“The families of the Western Sahara political prisoners are suffering with them”

From 7 to 10 May, the Rafto Foundation was part of the international delegation of human rights experts, jurists and lawyers who met with families of prominent Sahrawi political prisoners, Group of Gdeim Izik. In meetings, the families denounced how their sons, brothers and husbands have been punished for their advocacy.

Photo: The international delegation in meeting with one of the families of the Gdeim Izik-prisoners, May 2022.

The group of imprisoned Saharawi human rights defenders have been held in Moroccan jails since 2010. The 19 prisoners were arbitrarily arrested in 2010 and sentenced to lengthy terms in prison following two trials marred by allegations of torture and numerous other irregularities. They are currently held under brutal conditions in six different prisons on Moroccan’s soil and denied medical, legal and family visits.

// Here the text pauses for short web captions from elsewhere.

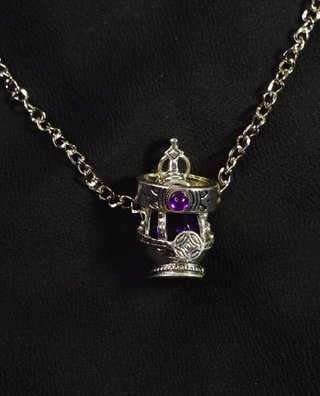 Set Madoka Magica Collana e Anello Homura Anillo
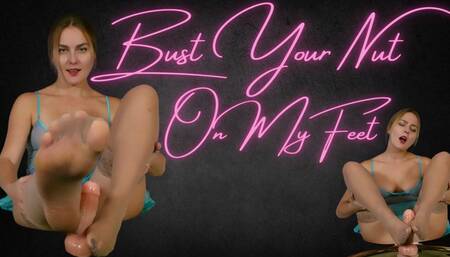 Bust Your Nut On My Feet - Vika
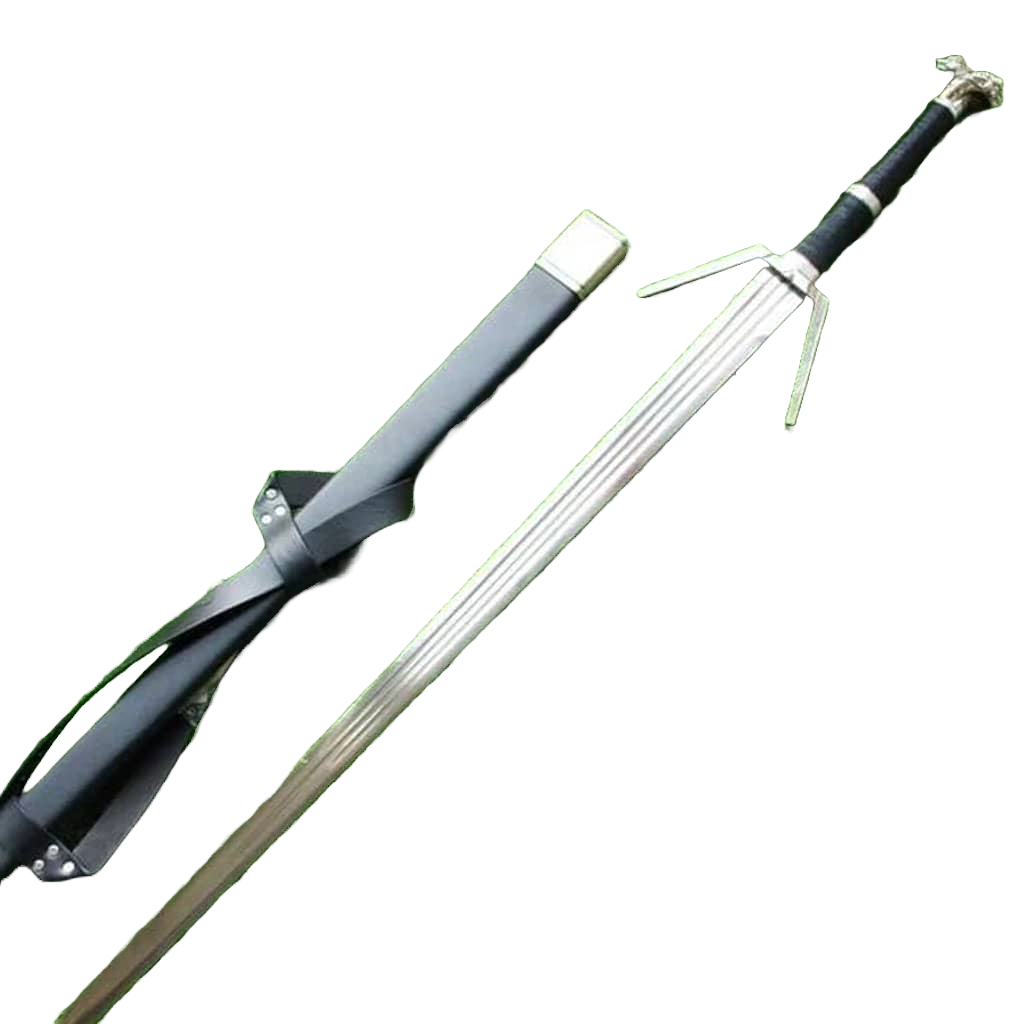The Witcher 3 Geralt of Rivia Silver Sword Replica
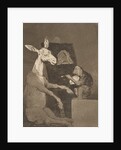 Plate 41 from 'Los Caprichos': Neither more nor less, 1799 by Francisco Goya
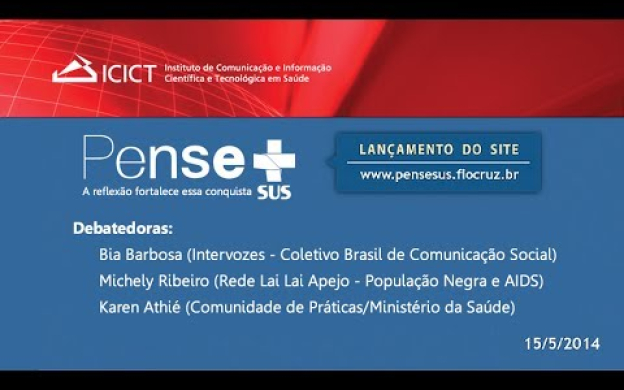 Embedded thumbnail for Lançamento do site PenseSUS
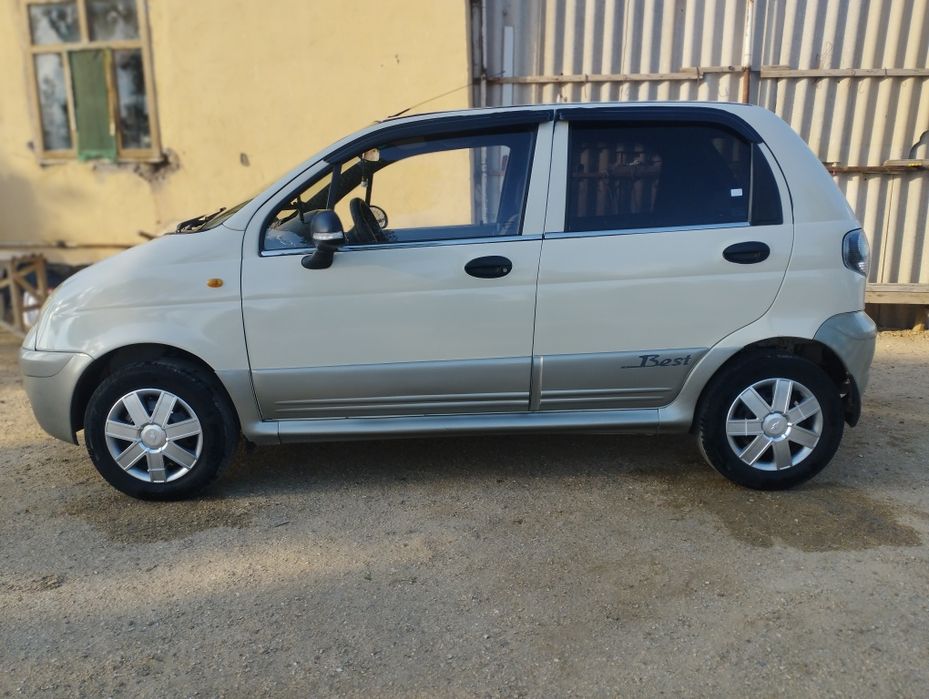 Chevrolet Matiz 2014 — 2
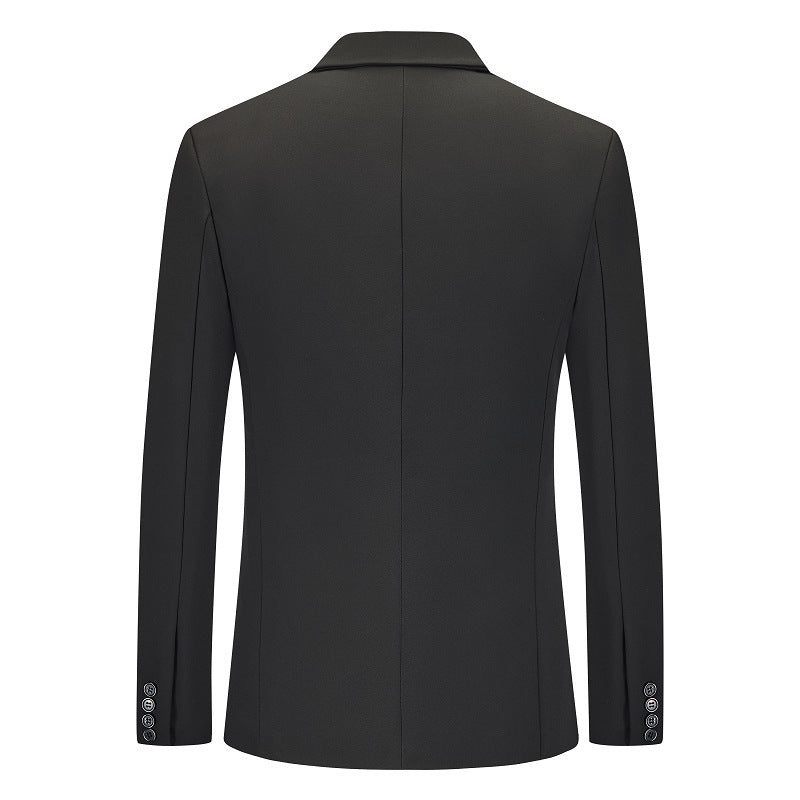 Herren kontrastierender Blazer mit modernem Schnitt EB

Read the press release from the international delegation to Rabat

Important to hear their stories

For the Rafto Foundation, the trip is part showing solidarity to the cause of the Rafto Laureate 2002 Sidi Mohammed Daddach, who has for many decades been fighting for the Sahrawi people's struggle for self determination.

Rafto employee, Bjørnar Dahle, who was one of the delegates travelling to Rabat to meet witht the families, explains why it was important to visit the families now, almost 12 years since the imprisonment of the Gdeim Izik:

The families are suffering with them. It is important to hear their stories since neither we, nor their lawyers or doctors are allowed to visit the prisoners. Also, the family members are often arbitrary denied visitation rights after taking on the 1200 km long journey from occupied Western Sahara to the Moroccon prisons. That is a 22-hour bus ride! The prisoners are only allowed a five-minute phone call, maximum three times a week, to pre-approved people – in which of course exclude calls to lawyers,” Dahle explains.

Facts Gdeim Izik

The Gdeim Izik is the name of a protest camp in Western Sahara, established on 9 October 2010. Thousands of Saharawi civilians protested against the Moroccan occupation, many were arrested by Moroccan police. Three years later, in 2013, a group of 19 prisoners, known as the Gdeim Izik prisoners, was brought in front of a Military Court that sentenced them to harsh prison sentences on the basis of unread confessions signed under torture.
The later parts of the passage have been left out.